▶ _ABOUT THIS TASK_
Return exactly the lines of the data below, from the one that contains "set of hand" through the final line, and leave out every picture.

▶ _PROVIDED DATA_
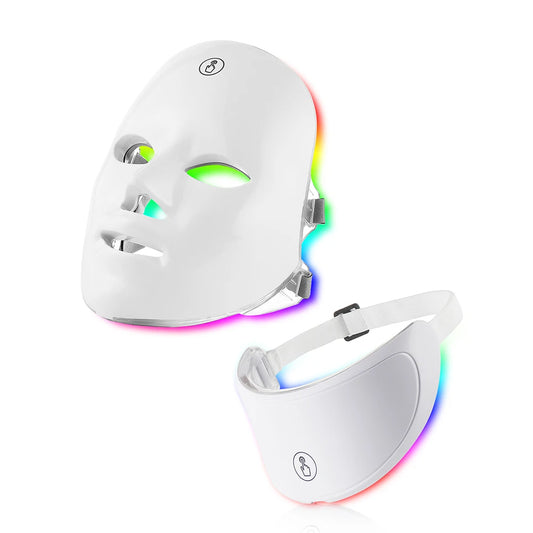 LED Face Mask with Neck Piece — 7 Colors Light Therapy for Skin Tightening & Anti-Aging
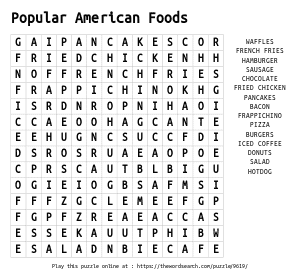 Word Search on Popular American Foods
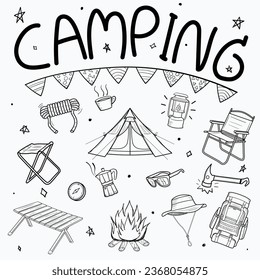 set of hand draw camping equipment , doodle , icon lantern tent  mokapot ,backpack  camp fire  compass sunglasses  hammer  rope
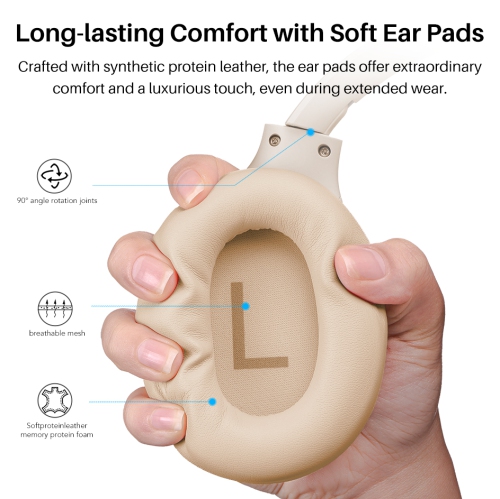 TOZO HT2 Hybrid Active Noise Cancelling Headphones, Wireless Over Ear Bluetooth Headphones, 60H Playtime, Hi-Res Audio Custom EQ via App Deep Bass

▶ _EXERCISE RESULT_
 set of hand draw camping equipment , doodle , icon lantern tent  mokapot ,backpack  camp fire  compass sunglasses  hammer  rope
 TOZO HT2 Hybrid Active Noise Cancelling Headphones, Wireless Over Ear Bluetooth Headphones, 60H Playtime, Hi-Res Audio Custom EQ via App Deep Bass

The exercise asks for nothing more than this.